Bug 1129242

Summary: Nova-compute service and neutron-agents go down when rabbitmq connection is terminated or vip-rabbitmq is moved from host to host
Product: Red Hat OpenStack Reporter: Jan Provaznik <jprovazn>
Component: openstack-foreman-installerAssignee: John Eckersberg <jeckersb>
Status: CLOSED CURRENTRELEASE QA Contact: Leonid Natapov <lnatapov>
Severity: high Docs Contact:
Priority: high    
Version: 5.0 (RHEL 7)CC: aberezin, benglish, dmaley, ebarrera, fdinitto, gfidente, hbrock, jeckersb, jguiditt, lnatapov, majopela, markmc, mburns, morazi, oblaut, rhos-maint, rohara, sstar, tshefi, vnarayan, yeylon
Target Milestone: ---   
Target Release: Installer   
Hardware: All   
OS: Linux   
Whiteboard:
Fixed In Version: Doc Type: Bug Fix
Doc Text:
Story Points: ---
Clone Of: Environment:
Last Closed: 2015-04-16 12:06:50 UTC Type: Bug
Regression: --- Mount Type: ---
Documentation: --- CRM:
Verified Versions: Category: ---
oVirt Team: --- RHEL 7.3 requirements from Atomic Host:
Cloudforms Team: --- Target Upstream Version:
Embargoed:
Bug Depends On: 1167414, 1171744    
Bug Blocks: 1163783    

Description Jan Provaznik 2014-08-12 11:20:18 UTC
Description of problem:
In HA setup, when nova-compute and nova-conductor services connect to rabbitmq through VIP/haproxy and if haproxy service or whole node is shut down, then this nova-conductor doesn't notice that connection was closed and doesn't reconnect to rabbitmq again. Result is that nova-compute is marked as "down" in "nova service-list" listing.

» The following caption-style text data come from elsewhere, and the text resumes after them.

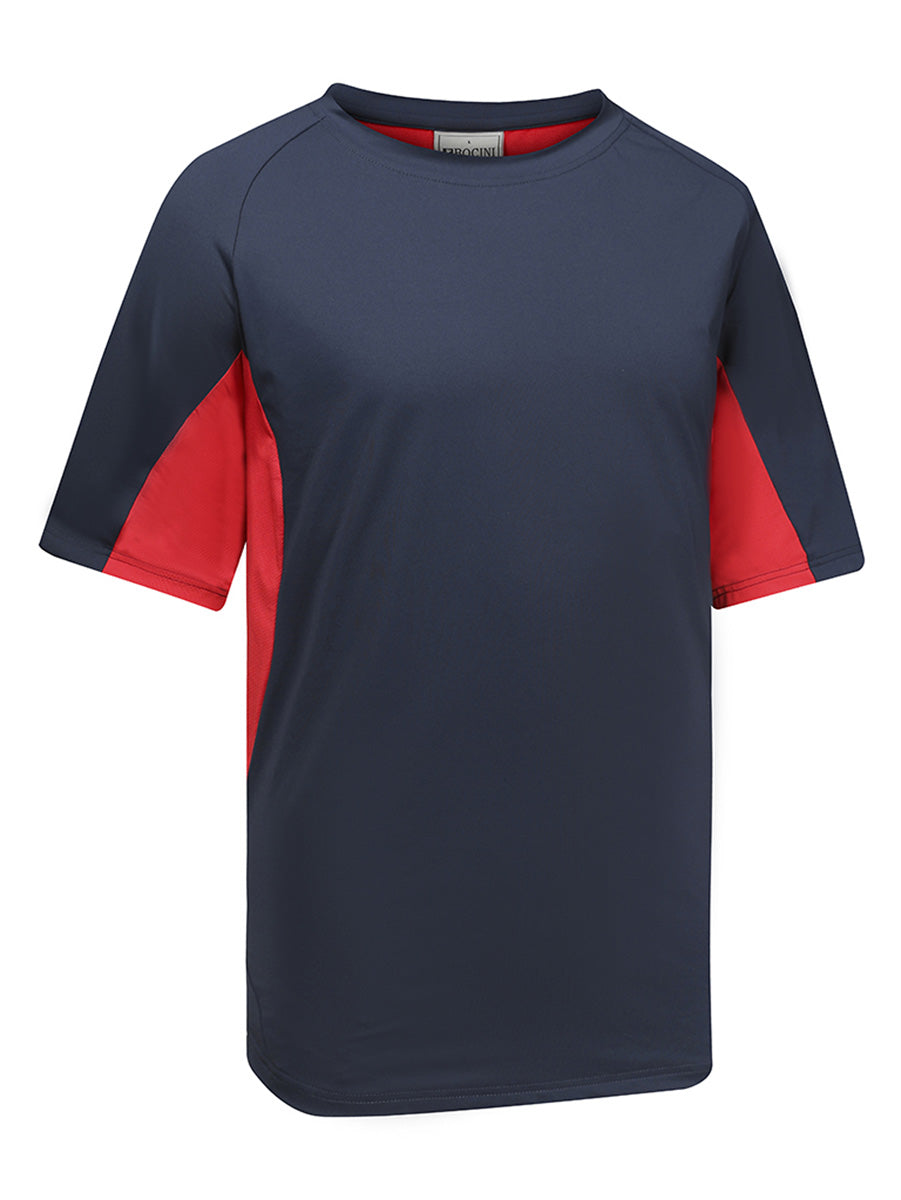 Element Sports Tee detail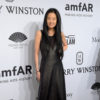 Vera Wang attends the 2015 amfAR New York Gala at Cipriani Wall Street on February 11, 2015 in New York City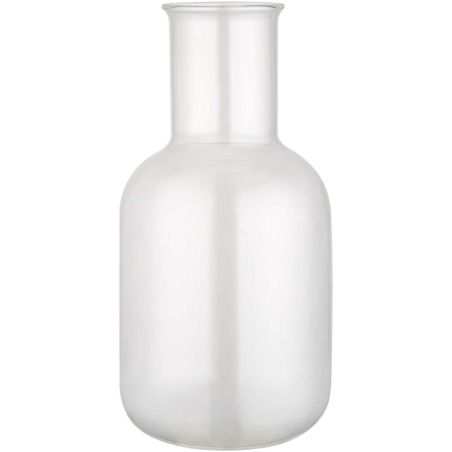 Set de jarra y taza de cristal acabado mate Personalizada 6126395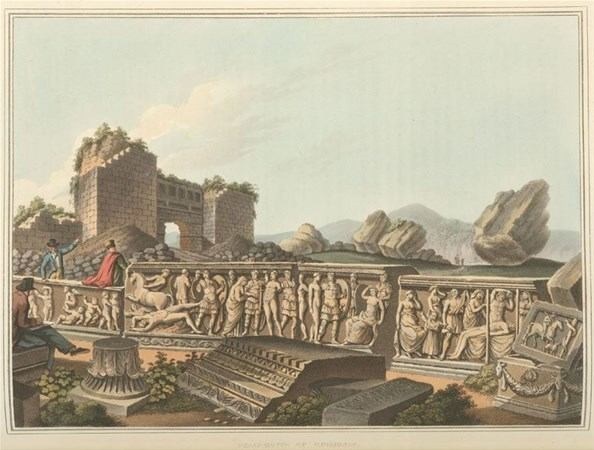 New York Kütüphanesi'nde Osmanlı fotoğrafları 19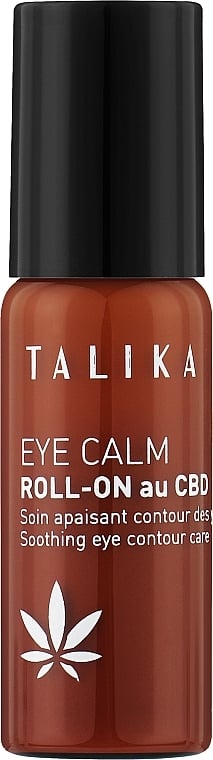 Роликова сироватка для шкіри навколо очей Talika Eye Calm Roll-on Soothing Care 10 мл - фото 2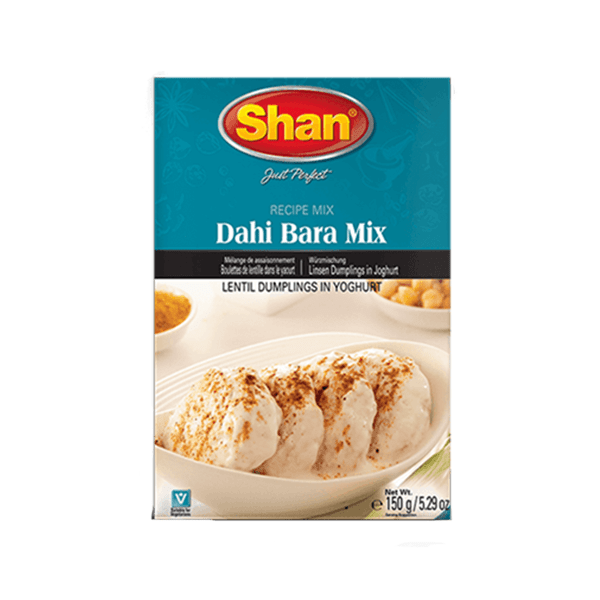 Shan Dahi Bara Mix 6x150 G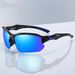 Fishing Glasses Angling, UV Protection, Polarized Sunglasses For Outdoor Lure Fishing, Cycling, Driving, Sports_viptrois.com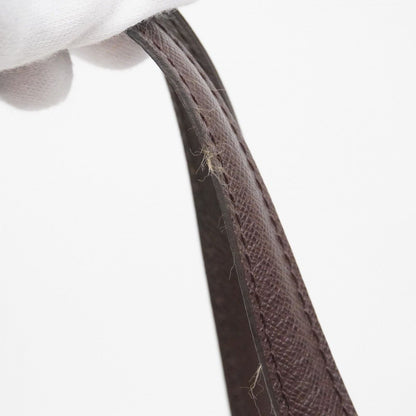 Louis Vuitton Tote Damier Marais Ebene — view 9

Version-Release number of selected component (if applicable):
openstack-nova-conductor-2014.1.1-4.el7ost.noarch
openstack-nova-scheduler-2014.1.1-4.el7ost.noarch
openstack-dashboard-theme-2014.1.1-2.el7ost.noarch
openstack-heat-api-cloudwatch-2014.1.1-2.2.el7ost.noarch
openstack-cinder-2014.1.1-1.el7ost.noarch
openstack-nova-console-2014.1.1-4.el7ost.noarch
python-django-openstack-auth-1.1.5-2.el7ost.noarch
openstack-heat-api-2014.1.1-2.2.el7ost.noarch
openstack-heat-api-cfn-2014.1.1-2.2.el7ost.noarch
openstack-nova-novncproxy-2014.1.1-4.el7ost.noarch
openstack-nova-api-2014.1.1-4.el7ost.noarch
redhat-access-plugin-openstack-5.0.0-3.el7ost.noarch
openstack-utils-2014.1-3.el7ost.noarch
openstack-glance-2014.1.1-1.el7ost.noarch
openstack-selinux-0.5.14-3.el7ost.noarch
openstack-heat-common-2014.1.1-2.2.el7ost.noarch
openstack-nova-common-2014.1.1-4.el7ost.noarch
openstack-keystone-2014.1.1-1.el7ost.noarch
openstack-nova-cert-2014.1.1-4.el7ost.noarch
openstack-dashboard-2014.1.1-2.el7ost.noarch
openstack-heat-engine-2014.1.1-2.2.el7ost.noarch


Steps to Reproduce:
1. Deploy HA setup with staypuft with multiple ctrl nodes
2. Detect ctrl node where rabbitmq's VIP is currently assigned
3. Terminate this node, or just move rabbitmq's VIP to another node with:
crm_resource -M -r ip-192.168.0.99 -H another_host

Actual results:
After ~1 minute nova-compute service is marked as "down", there is no log in nova-conductor about reconnecting to AMQP server

Expected results:
nova-conductor reconnects to AMQP server (there should be a message in log)m nova-compute service stays "up"

Additional info:
This issue is caused by lack of heartbeat in oslo.messaging tracked here:
https://bugs.launchpad.net/oslo.messaging/+bug/856764/

Workaround for missing heartbeat which worked for me in TripleO project is decreasing sysctl keepalive timeouts as described here (though I used higher values which closes connection after ~50 secs):
https://bugs.launchpad.net/oslo.messaging/+bug/856764/comments/19


In TripleO I also had to apply patches linked from https://bugs.launchpad.net/oslo.messaging/+bug/1338732 otherwise nova-compute was still switching between up/down status (this probably happens in OFI too, but I did not test this with OFI setup):
https://review.openstack.org/#/c/110058/
https://review.openstack.org/#/c/109373/ 
The above patches helped mitigate the issue in most cases in TripleO (though not 100%).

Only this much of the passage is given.